I went back for my results appointment. And that is when they confirmed that every diagnosis I had previously received was correct, but they had another to add. Chronic Lyme Disease.
I knew very little about Lyme. We all know to avoid ticks, etc. I never recall having a tick or a red bullseye. It turns out that many people don't.
As we worked through my lab results, she identified some cellular issues that needed to be corrected before we could attack the Lyme. I was sent home with another bag of expensive supplements, a new nutritional plan, and an appointment for a month later. I was also sent home with a sense of hope that FINALLY we had gotten to the root cause and we would soon be coming up with a plan of attack. Knowledge is power, right?

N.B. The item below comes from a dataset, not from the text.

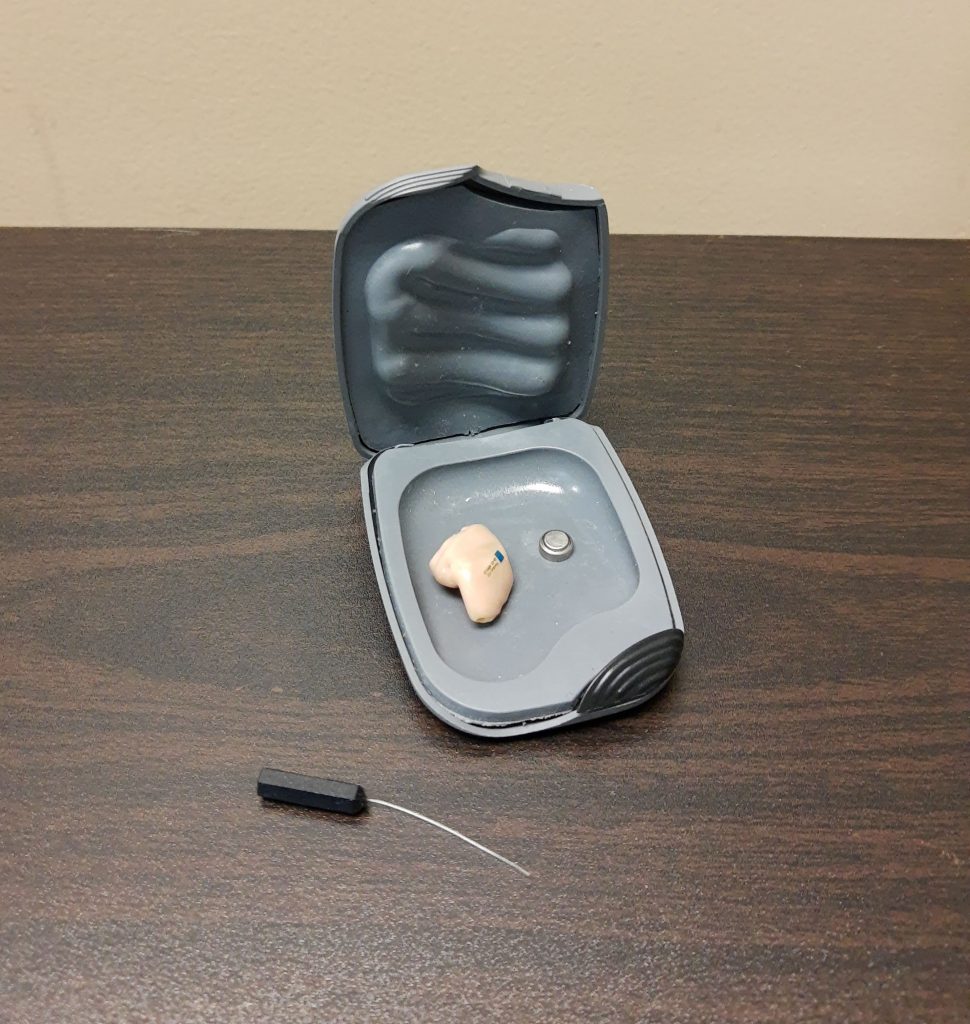 Photos showing Hearing Aid in a Case With a Battery and Cleaning Tool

The week before my next appointment, I received an email that the doctor was retiring but would be keeping all appointments through the remainder of the month. I was disappointed, but relieved to know that I would be able to get a plan in place. Two days before my appointment, I received a phone call that that was no longer the case and they were canceling all appointments.

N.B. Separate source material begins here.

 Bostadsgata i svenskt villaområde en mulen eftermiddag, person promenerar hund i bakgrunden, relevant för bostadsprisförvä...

That was several months ago. I've tried to stick to the nutritional plan (but honestly, when you lose hope of treatment, it is hard to stick to anything) and I've continued to take the supplements they told me I needed. But I have floated along in a fog of "what to do?" Where do I go from here?

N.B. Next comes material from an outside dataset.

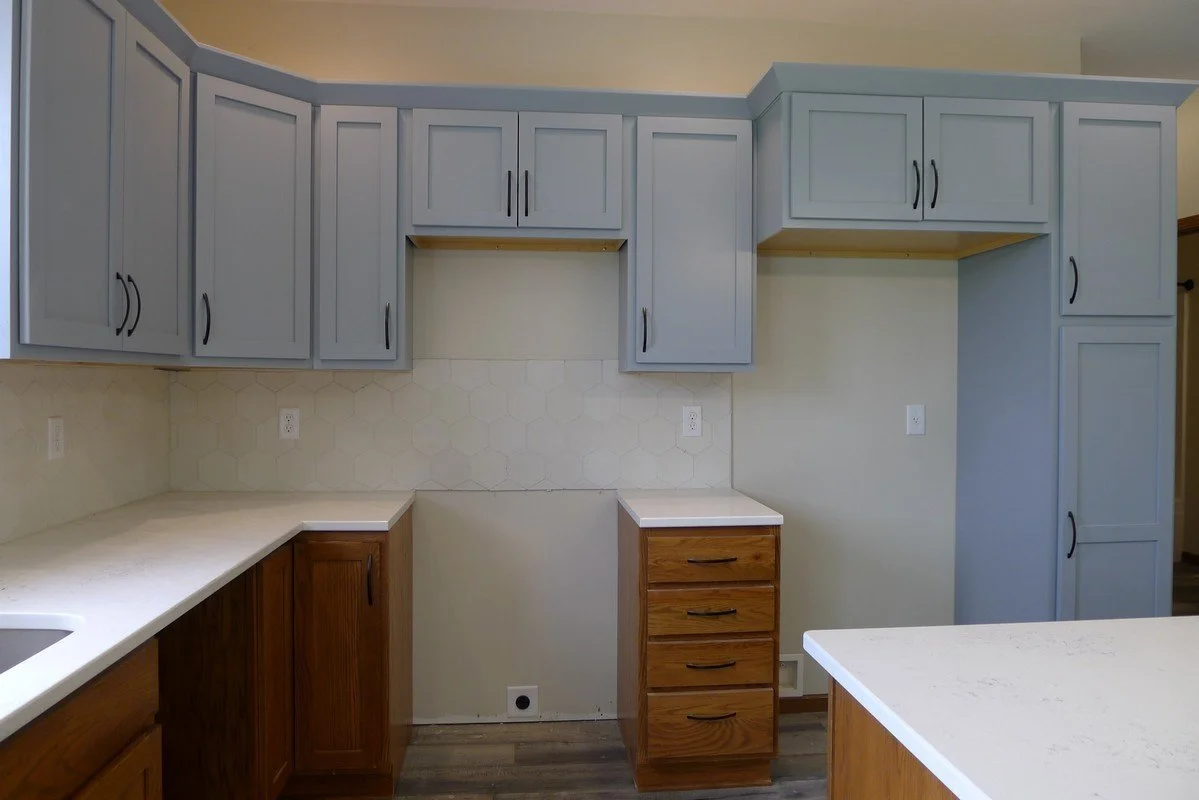 Empty kitchen with light blue upper cabinets, natural wood lower cabinets, and white countertops, limited appliances visible.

I fight a battle within myself- both to continue to walk through my life, doing and being to the best of my ability; but also feeling alone and battle weary.
::sigh::
And then we had Revival meetings at our church. And one of the messages was on the thorn in the flesh. Paul asked the Lord to remove his. I've begged the Lord to heal me. For Paul, that was not the Lord's plan. And it doesn't seem to be for me, either. But that was a turning point for me in my own thinking.
As I really reflected about thorns and where they grow, I thought about the beauty of the rose. And that is where the title of this blog comes from.
We all know that roses have thorns, which can puncture, scrape, damage. But thorns have roses, too, which have beauty and fragrance and bring happiness. I know there are roses in this diagnosis, this thorn that has transformed my life. But I haven't been looking for the roses.
God is so good. And I know that He will use all things for good... And we know that all things work together for good to them that love God, to them who are the called according to his purpose. Romans 8:28
And I know that His thoughts toward me are beyond my comprehension. For I know the thoughts that I think toward you, saith the Lord, thoughts of peace, and not of evil, to give you an expected end. Jeremiah 29:11
All I want is to honor and glorify Him with my life. Dramatic or not, this is the lot I have been given. And God didn't allow this in my life to harm me. He gave it to me as a tool to glorify Him. Sometimes I need to remind myself of that.
So, if you have stuck with me this far, I have Lyme Disease. But I also have a loving God. And He is good, all the time. I am so blessed. There is no better rose than the one I have been given. I'm standing on the threshold of hope, if for no other reason than my story- the one God is writing for me- will give Him glory.